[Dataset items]
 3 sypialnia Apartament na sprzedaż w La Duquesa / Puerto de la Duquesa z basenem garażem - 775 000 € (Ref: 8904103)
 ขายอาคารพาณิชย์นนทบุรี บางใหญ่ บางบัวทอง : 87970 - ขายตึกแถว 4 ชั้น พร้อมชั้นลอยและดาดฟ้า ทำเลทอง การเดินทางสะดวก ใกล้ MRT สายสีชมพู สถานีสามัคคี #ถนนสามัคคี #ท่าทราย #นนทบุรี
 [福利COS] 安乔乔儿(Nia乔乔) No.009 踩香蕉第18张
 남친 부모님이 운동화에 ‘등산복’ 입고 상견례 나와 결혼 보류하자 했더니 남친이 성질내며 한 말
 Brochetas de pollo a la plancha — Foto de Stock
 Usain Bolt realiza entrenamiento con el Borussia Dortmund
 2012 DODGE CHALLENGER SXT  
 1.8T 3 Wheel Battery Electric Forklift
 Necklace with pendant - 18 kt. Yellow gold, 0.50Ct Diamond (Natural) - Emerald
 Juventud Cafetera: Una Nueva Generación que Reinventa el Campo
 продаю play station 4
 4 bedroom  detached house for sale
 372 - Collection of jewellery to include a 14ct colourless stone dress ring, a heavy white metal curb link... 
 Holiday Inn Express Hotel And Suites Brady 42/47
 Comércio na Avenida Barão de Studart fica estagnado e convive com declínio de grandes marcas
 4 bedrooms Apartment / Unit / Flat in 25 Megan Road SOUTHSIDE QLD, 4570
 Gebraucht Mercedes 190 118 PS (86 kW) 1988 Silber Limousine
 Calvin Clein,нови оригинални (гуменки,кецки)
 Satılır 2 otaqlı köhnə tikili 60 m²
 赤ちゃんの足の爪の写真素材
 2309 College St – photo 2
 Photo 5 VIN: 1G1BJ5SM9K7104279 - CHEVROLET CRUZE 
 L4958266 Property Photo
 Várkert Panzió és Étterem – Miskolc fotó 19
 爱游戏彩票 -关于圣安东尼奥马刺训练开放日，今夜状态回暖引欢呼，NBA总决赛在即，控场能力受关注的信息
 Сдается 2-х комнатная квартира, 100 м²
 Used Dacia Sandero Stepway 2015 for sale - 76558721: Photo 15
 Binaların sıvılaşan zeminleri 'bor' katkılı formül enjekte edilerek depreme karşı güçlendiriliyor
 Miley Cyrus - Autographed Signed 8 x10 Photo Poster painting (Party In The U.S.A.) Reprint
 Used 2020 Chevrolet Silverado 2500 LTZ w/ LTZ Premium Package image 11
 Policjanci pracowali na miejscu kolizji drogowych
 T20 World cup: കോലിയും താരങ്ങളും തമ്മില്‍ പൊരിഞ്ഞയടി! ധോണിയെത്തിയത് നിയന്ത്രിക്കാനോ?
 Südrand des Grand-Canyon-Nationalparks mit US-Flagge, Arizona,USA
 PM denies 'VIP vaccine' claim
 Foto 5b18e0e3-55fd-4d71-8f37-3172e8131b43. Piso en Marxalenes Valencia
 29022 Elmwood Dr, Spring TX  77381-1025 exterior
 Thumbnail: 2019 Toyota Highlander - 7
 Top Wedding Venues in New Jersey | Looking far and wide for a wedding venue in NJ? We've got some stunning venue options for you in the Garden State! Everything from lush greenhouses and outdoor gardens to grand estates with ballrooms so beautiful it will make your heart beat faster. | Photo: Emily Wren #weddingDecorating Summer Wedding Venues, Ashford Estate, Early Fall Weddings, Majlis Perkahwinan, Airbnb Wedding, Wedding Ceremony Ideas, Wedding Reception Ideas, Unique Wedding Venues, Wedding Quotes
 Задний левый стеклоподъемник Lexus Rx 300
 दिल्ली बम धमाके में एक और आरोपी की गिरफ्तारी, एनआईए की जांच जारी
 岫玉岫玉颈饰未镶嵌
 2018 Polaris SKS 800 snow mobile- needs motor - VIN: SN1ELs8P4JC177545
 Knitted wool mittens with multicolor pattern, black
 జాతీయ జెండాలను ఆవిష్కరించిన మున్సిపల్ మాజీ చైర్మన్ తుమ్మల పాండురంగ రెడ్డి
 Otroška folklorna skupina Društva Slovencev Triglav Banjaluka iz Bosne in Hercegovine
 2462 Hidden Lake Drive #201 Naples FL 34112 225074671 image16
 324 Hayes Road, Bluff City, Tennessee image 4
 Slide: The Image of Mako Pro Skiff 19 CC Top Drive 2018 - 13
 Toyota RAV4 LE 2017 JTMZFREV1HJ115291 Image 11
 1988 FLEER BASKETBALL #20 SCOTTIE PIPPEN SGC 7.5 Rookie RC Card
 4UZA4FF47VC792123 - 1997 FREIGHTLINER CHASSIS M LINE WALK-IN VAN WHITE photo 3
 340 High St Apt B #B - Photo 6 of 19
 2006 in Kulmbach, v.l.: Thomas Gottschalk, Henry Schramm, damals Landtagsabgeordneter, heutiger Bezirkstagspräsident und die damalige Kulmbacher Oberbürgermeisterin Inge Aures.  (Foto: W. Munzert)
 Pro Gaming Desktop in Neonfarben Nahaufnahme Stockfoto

-- WORK ORDER --
Look above for the line that contains "Top Wedding Venues". That line and every line after it through the end of the data must be written out exactly, with nothing else.

-- RESPONSE TO THE TASK --
 Top Wedding Venues in New Jersey | Looking far and wide for a wedding venue in NJ? We've got some stunning venue options for you in the Garden State! Everything from lush greenhouses and outdoor gardens to grand estates with ballrooms so beautiful it will make your heart beat faster. | Photo: Emily Wren #weddingDecorating Summer Wedding Venues, Ashford Estate, Early Fall Weddings, Majlis Perkahwinan, Airbnb Wedding, Wedding Ceremony Ideas, Wedding Reception Ideas, Unique Wedding Venues, Wedding Quotes
 Задний левый стеклоподъемник Lexus Rx 300
 दिल्ली बम धमाके में एक और आरोपी की गिरफ्तारी, एनआईए की जांच जारी
 岫玉岫玉颈饰未镶嵌
 2018 Polaris SKS 800 snow mobile- needs motor - VIN: SN1ELs8P4JC177545
 Knitted wool mittens with multicolor pattern, black
 జాతీయ జెండాలను ఆవిష్కరించిన మున్సిపల్ మాజీ చైర్మన్ తుమ్మల పాండురంగ రెడ్డి
 Otroška folklorna skupina Društva Slovencev Triglav Banjaluka iz Bosne in Hercegovine
 2462 Hidden Lake Drive #201 Naples FL 34112 225074671 image16
 324 Hayes Road, Bluff City, Tennessee image 4
 Slide: The Image of Mako Pro Skiff 19 CC Top Drive 2018 - 13
 Toyota RAV4 LE 2017 JTMZFREV1HJ115291 Image 11
 1988 FLEER BASKETBALL #20 SCOTTIE PIPPEN SGC 7.5 Rookie RC Card
 4UZA4FF47VC792123 - 1997 FREIGHTLINER CHASSIS M LINE WALK-IN VAN WHITE photo 3
 340 High St Apt B #B - Photo 6 of 19
 2006 in Kulmbach, v.l.: Thomas Gottschalk, Henry Schramm, damals Landtagsabgeordneter, heutiger Bezirkstagspräsident und die damalige Kulmbacher Oberbürgermeisterin Inge Aures.  (Foto: W. Munzert)
 Pro Gaming Desktop in Neonfarben Nahaufnahme Stockfoto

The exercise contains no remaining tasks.